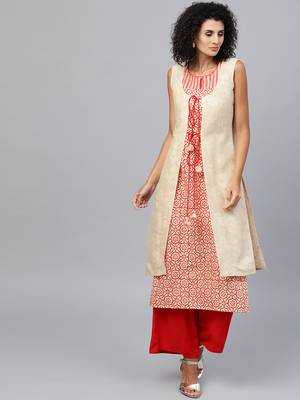 Beige printed cotton kurti 1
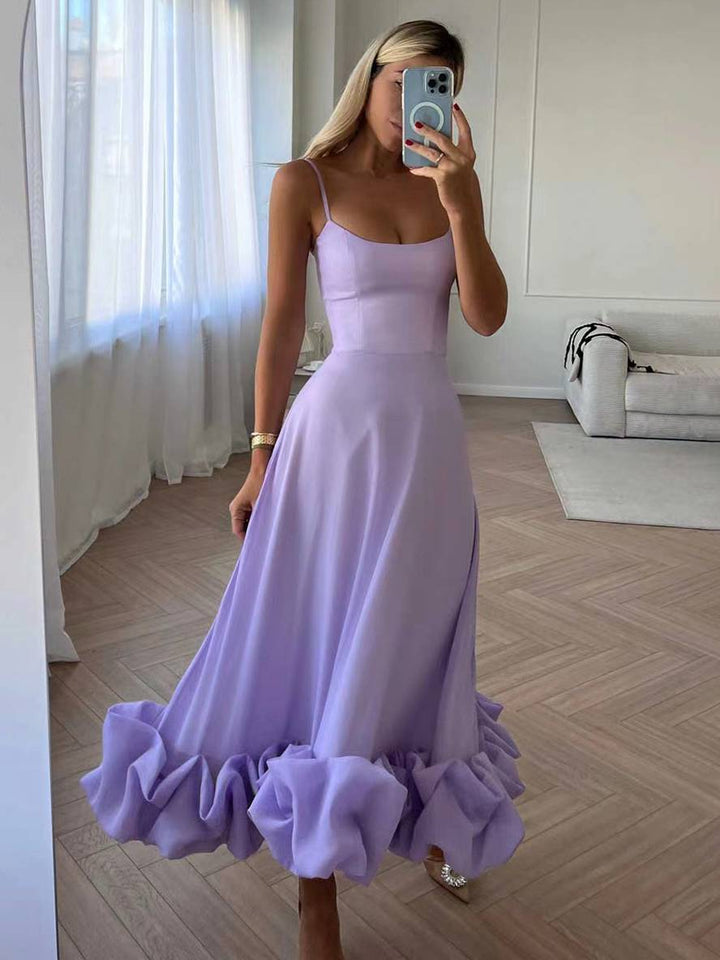 Levoire | Robe Mi-Longue A-Ligne Avec Volants Bustier Avec Fines Bretelles Sans Manches Femme Élégant Doux Cocktail Prom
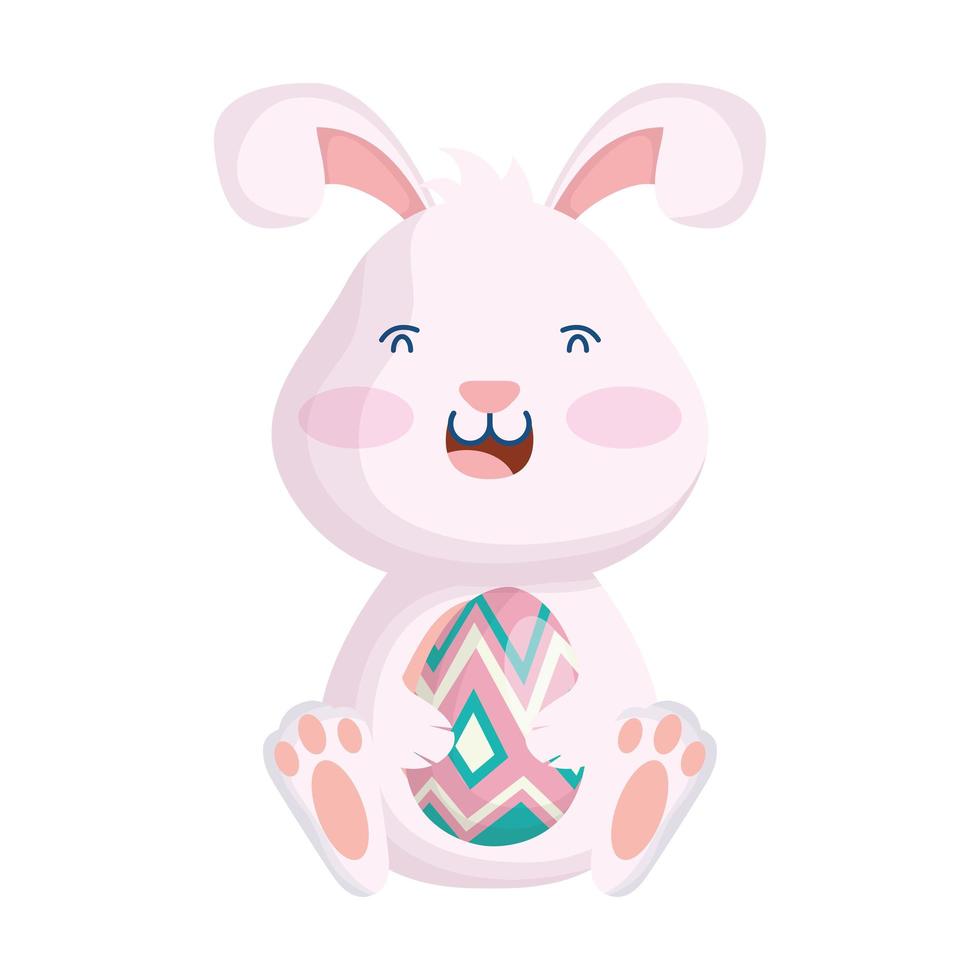 cute easter little rabbit lifting egg paint character vector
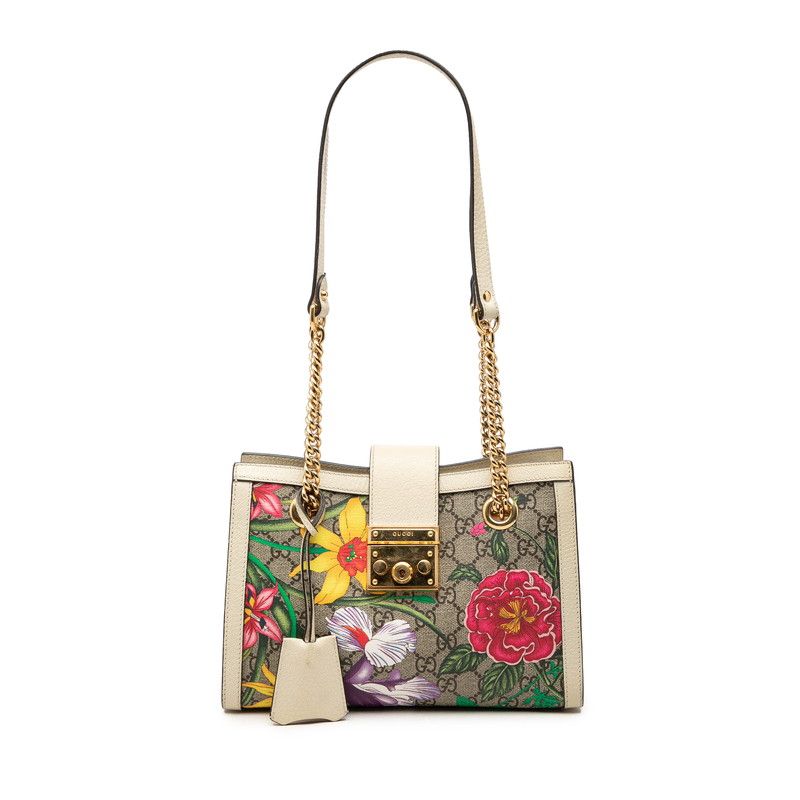 Gucci GG Supreme Flora Padlock Chain Tote Shoulder Bag Beige Multicolor Leather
··········
- **PROBLEM REQUIREMENTS**
Reproduce the material word for word, pictures excluded.

- **EXERCISE SOLUTION**
 Beige printed cotton kurti 1
 Levoire | Robe Mi-Longue A-Ligne Avec Volants Bustier Avec Fines Bretelles Sans Manches Femme Élégant Doux Cocktail Prom
 cute easter little rabbit lifting egg paint character vector
 Gucci GG Supreme Flora Padlock Chain Tote Shoulder Bag Beige Multicolor Leather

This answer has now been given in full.